The Ayam Cemani is a very unusual chicken, known for its black feathers, black skin, black flesh, black internal organs and black tongue. The fibromelanosis (as the black flesh coloration is more formally termed) is a complex genetic trait resulting from a chromosomal rearrangement and it's believed that the Ayam Cemani, or its immediate ancestor, is the founder for all the world's black-fleshed chicken breeds.
In Europe and North America, the Ayam Cemani is considered a separate breed, but in Indonesia it's considered only as a subtype, Ayam Kedu Cemani of the Ayam Kedu breed. Partly this is because in Indonesia the breed is considered to have arisen in the 1920s Mr. Tjokromihardjo from Grabag, Magelang, a town in Central Java. However, black-fleshed birds had been brought to Europe from Indonesia in the 18th century by sailors of the Dutch East India Company (leading to the Swedish Black chicken) and black-fleshed fowl have been used as sacrificial birds in Indonesia and for traditional medicine in China for centuries. Thus the work of Mr. Tjokromihardjo was to stabilize and codify the breed.

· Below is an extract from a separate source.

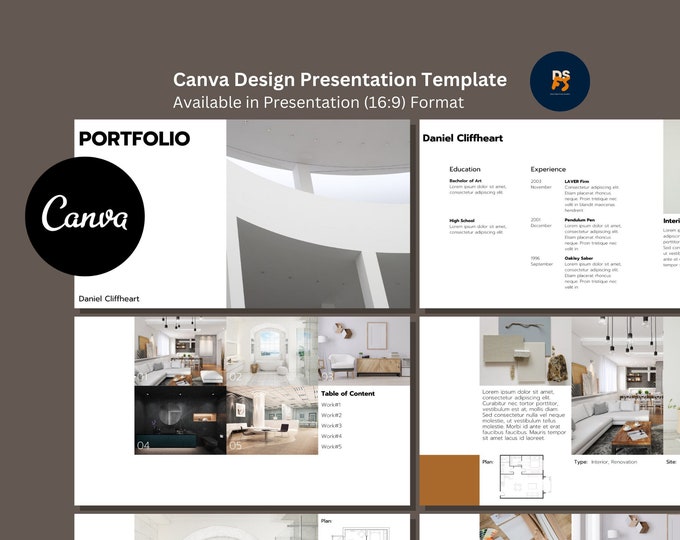 Canva Template for Architecture Portfolio Presentation | Modern ...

This pure black bird has drawn considerable interest from fowl fanciers and scientists for their looks and their genetics. In 1998 the breed was re-introduced to Europe when it was imported from Indonesia by a Dutch breeder, Jan Steverink. It has become a popular poultry breed in the Netherlands, Germany, Slovakia and Czech Republic. It is now becoming more well known in the US and UK, with several breeders raising them.

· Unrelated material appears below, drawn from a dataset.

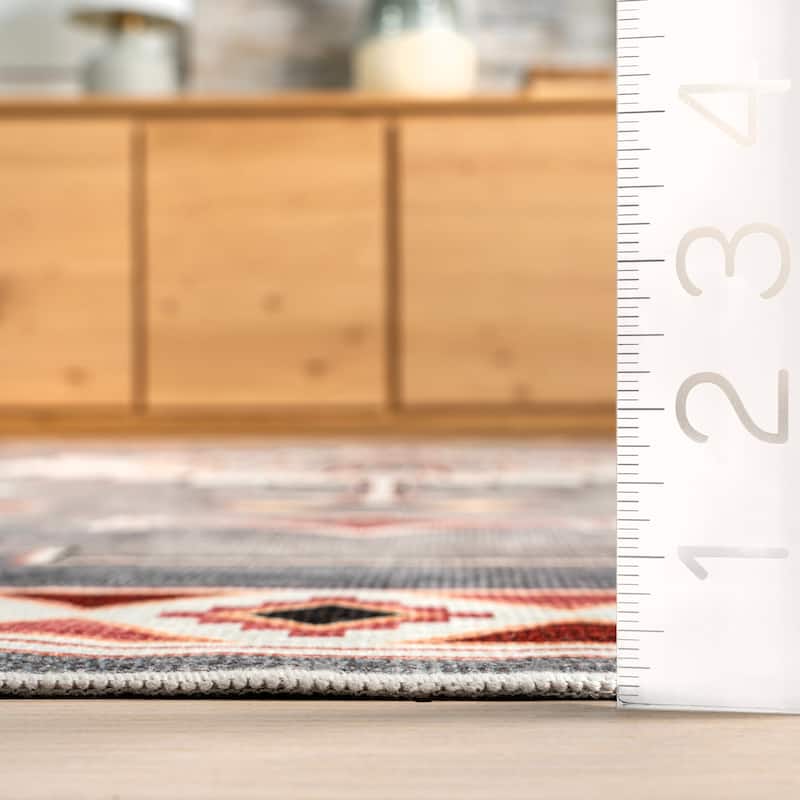 Nuloom Lynx Southwestern SplashGuard Machine Washable Area Rug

Varieties (Single Comb): Black, Black frizzled
Uses: Eggs, Exhibition
Weight: 3 - 6 lbs
Personality: The Ayam Cemani is a calm and affectionate breed, that enjoys perching on the shoulders of their owner. They are not territorial
Preferred climate: Warm
Handles confinement: Yes
Egg production: Poor (1/week)
Egg color: White
Egg size: Medium
What else you should know:
The Ayam Cemani is traditionally kept in cages, about 1 1/2 times the length and height of the birds. Ayam Cemani are roosting birds and will naturally roost in trees. If keeping them, they need to be supplied with plenty of above-ground roosting perches.